I fell in love with Kyoto one night in July 2008.
It was our first night in Japan’s ancient capital. We’d arrived around noon and our ryokan hosts had instructed us to call them from the train station. Walking around Kyoto wasn’t the problem — it was the sheer difficulty in being able to even find the ryokan in the first place.
Kyoto being so old, the streets wind here and there, they ebb and flow much like a little stream — there’s no easy way to really give visitors directions. So, once we were nicely ensconced in our ryokan, our hosts outfitted us with some helpful maps, and we set out to discover Kyoto.
We then walked along Pontocho Alley, which runs parallel to the Kamo River in the Gion district. By now it had gotten dark, and we were hungry. There were many fantastical restaurants along here, so we pretty much just randomly walked into one. It turned out to be SO FABULOUS. It may have been one of our first truly gourmet meals. I say this because in addition to being atmospheric, gorgeous, and utterly delicious, it was also rather expensive. We were so very, very happy.

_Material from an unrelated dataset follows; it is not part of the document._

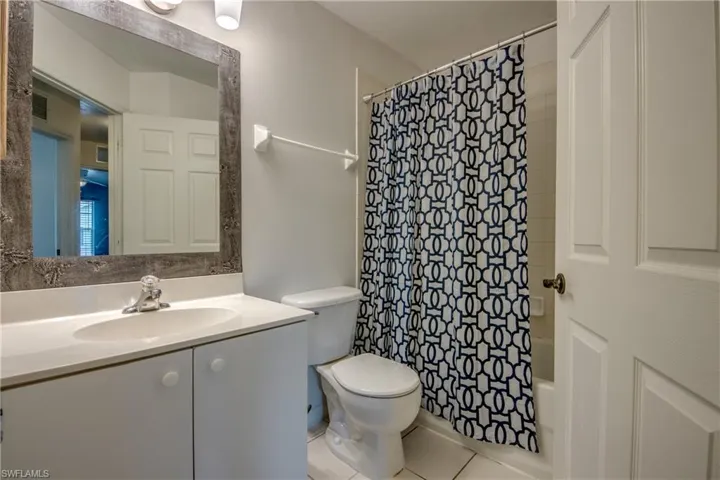 Full bathroom featuring vanity, toilet, tile floors, and shower / tub combo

As we left Pontocho Alley, we paused on the bridge to take a picture of the Kamo River and the restaurant at which we’d just dined.
It was at this point that I’m pretty sure the wind took the sole map we had along. I was the map-keeper, and after this picture was taken, I simply could not find the map anywhere on my person. It was absolutely gone.

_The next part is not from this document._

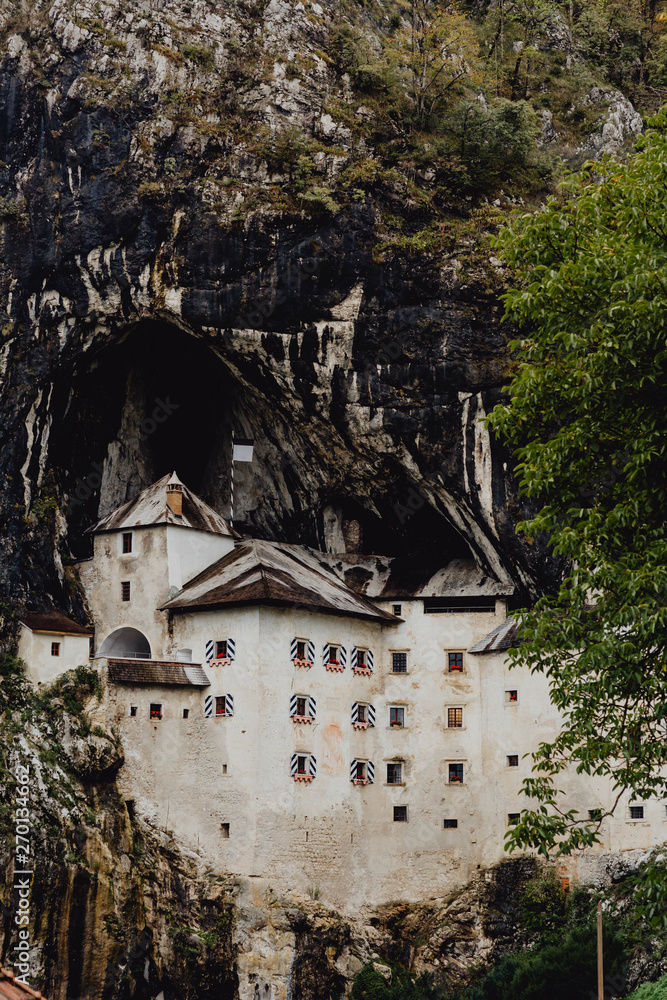 Renaissance castle by a cave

We assessed the situation: we were new to Kyoto, could not speak nor read the language, our ryokan was apparently difficult to find even in the daylight, it was late at night, and our map was missing. And yet… we were content, tipsy, and in the midst of the heart-stoppingly exquisite city that is Kyoto. So, we just walked and walked and walked.
We must have walked for hours. There were definitely moments that I figured we’d just be walking around Kyoto for the rest of our lives… and strangely enough, that thought didn’t freak me out at all.
Even though I was the loser-of-the-map, Andrew still trusted my unpredictable sense of direction, and I did try to guide us along streets that I felt might possibly take us back to our hidden ryokan which we’d only seen once in our lives (though we did have a picture of it on our camera…).
Andrew says I’m remembering wrong, but I swear I could hear the night-sounds of the animals at the zoo. While we didn’t go to Kyoto for the zoo, we were indeed staying relatively nearby, so I just followed the sounds of the animals, echoing in the darkened streets. For me, this added a haunting quality to the whole experience.
It probably goes without saying by now, but I’ll say it anyway — yes, we did in fact eventually find our way back to our ryokan. Although we weren’t entirely sure we were even at the right place, until I dug the key out of my purse and applied it to the lock on the gate. It opened, we entered, and collapsed with relief in our room.
The next day, we brought along EXTRA maps.
While getting lost in Kyoto — at night! — is probably not something you’d ever do on purpose… I very strongly recommend it.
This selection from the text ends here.